Pass a checkpointer to compile() to persist transcripts and resumption handles across connections.

from agentflow.storage.checkpointer import InMemoryCheckpointer, PgCheckpointer

# Development
app = AudioAgent(MODEL, ...).compile(
checkpointer=InMemoryCheckpointer()
)

# Production
app = AudioAgent(MODEL, ...).compile(
checkpointer=PgCheckpointer(database_url=os.environ["DATABASE_URL"])
)

Within a session, the runtime automatically reconnects on transient drops and uses the Gemini session resumption handle (stored in the checkpointer thread metadata) to restore provider-side context. When no handle is available, persisted transcripts are reseeded into the fresh session.

To resume across separate arealtime calls (different processes or restarts), the same thread_id and a persistent checkpointer are all that is required.


Reconnection behavior

Reconnection is automatic and transparent. Two cases:

TriggerBehavior
go_away (planned provider rotation)Reconnect immediately, no backoff.
Transient drop / receive errorExponential backoff: min(base * 2^(n-1), max_delay), up to max_attempts. After that, fatal ErrorEvent(code="reconnect_failed") ends the session.

Configure via RealtimeConfig.reconnect:

from agentflow.core.realtime.base import RealtimeConfig, ReconnectConfig

config = RealtimeConfig(
model=MODEL,
reconnect=ReconnectConfig(
base_delay=0.5, # seconds
max_delay=10.0, # seconds
max_attempts=5, # set 0 to disable error-driven reconnect
),
)

API server WebSocket bridge

When the configured graph is rooted at a LiveAgent (i.e. built with AudioAgent), agentflow api automatically exposes a WebSocket endpoint at /v1/graph/live.

Setup

{
"agent": "graph:app",
"checkpointer": "graph:checkpointer",
"env": ".env"
}
# graph.py
import os
from agentflow.core.realtime.base import RealtimeConfig
from agentflow.prebuilt.agent import AudioAgent
from agentflow.storage.checkpointer import InMemoryCheckpointer

MODEL = os.getenv("GEMINI_LIVE_MODEL", "gemini-live-2.5-flash-preview")
checkpointer = InMemoryCheckpointer()
app = AudioAgent(
MODEL,
realtime_config=RealtimeConfig(model=MODEL, voice="Puck"),
).compile(checkpointer=checkpointer)
export GEMINI_API_KEY=...
agentflow api
# WebSocket available at ws://localhost:8000/v1/graph/live

Protocol

Connection open

First frame from the client must be a JSON object.
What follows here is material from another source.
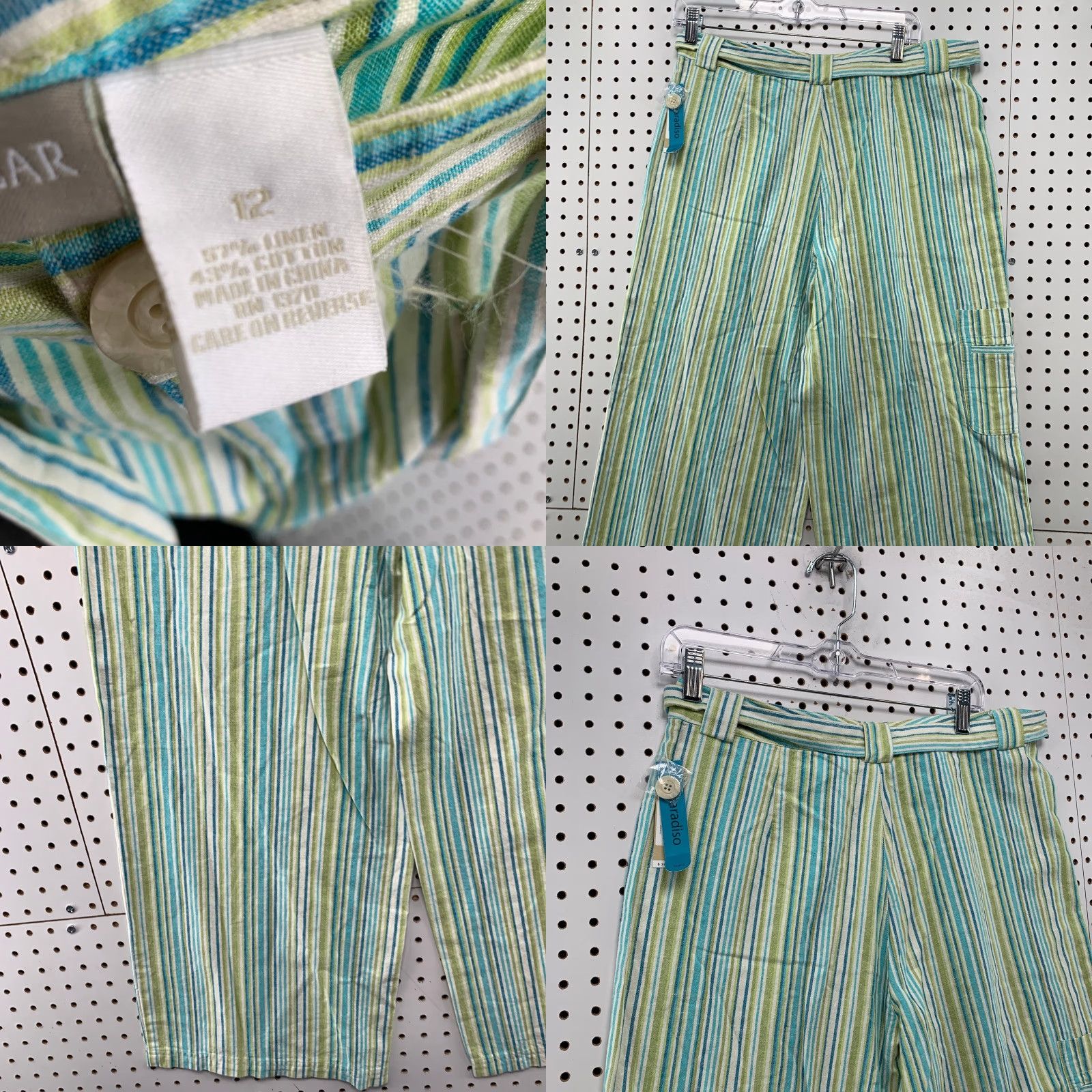 Vintage Fieldgear Linen Pants Womens 12 Green Wide Leg Drawstring Cotton Blend Casual Cropped 24in Inseam Size 34" / US 12 / IT 48 - 8 Thumbnail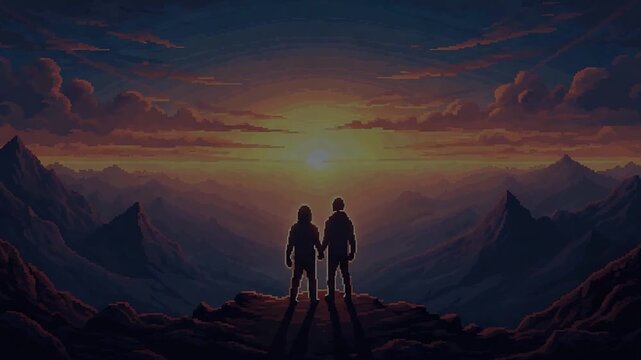 Pixel art couple watching mountain sunset digital animation scenic vista breathtaking colors.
Present fields override the agent's build-time RealtimeConfig for this session:

{"model": "gemini-live-2.5-flash-preview", "thread_id": "abc", "voice": "Puck"}

Upstream (client -> server)

FrameContent
BinaryPCM16 input audio at 16 kHz
JSON text{"type": "text", "text": "..."} — inject a text turn
JSON text{"type": "activity_start"} — manual VAD start
JSON text{"type": "activity_end"} — manual VAD end
JSON text{"type": "close"} — end the session

Downstream (server -> client)

FrameContent
BinaryPCM16 model audio at 24 kHz (audio_delta)
JSON textAll other events: transcripts, turn_complete, interrupted, tool_call, tool_result, session_update, go_away, error

Image/video input is SDK-only. The WebSocket bridge does not forward image frames.


Live microphone example

The examples/realtime/audio_agent_mic.py example shows full-duplex microphone input with speaker output and barge-in. Run it with:

pip install sounddevice
export GEMINI_API_KEY=...
python examples/realtime/audio_agent_mic.py
# say: "What's the weather in Tokyo?" (Ctrl+C to stop)

Forcing rules

  • A graph containing a LiveAgent must use arealtime() or realtime(). Calling invoke, ainvoke, stream, or astream raises RuntimeError.
  • arealtime() requires a graph rooted at exactly one LiveAgent. Passing an ordinary graph raises. Passing a graph with more than one LiveAgent raises.
  • realtime() (sync) raises if called from inside a running event loop. Use arealtime() from async contexts.

What you learned

  • Install with pip install "10xscale-agentflow[realtime]" and set GEMINI_API_KEY.
  • AudioAgent builds a single realtime agent graph with LiveAgent as the root; compile it once and reuse.
  • Feed PCM16 audio (16 kHz) into a LiveInputQueue; read PCM16 audio (24 kHz) and all other events from arealtime().
  • Tools, system prompts, skills, and memory work the same as ReactAgent but are fixed at connect time.
  • Checkpointing enables transcript persistence and cross-session resume.
  • Reconnection is automatic; configure backoff via ReconnectConfig.
  • agentflow api exposes ws://.../v1/graph/live when the graph uses AudioAgent.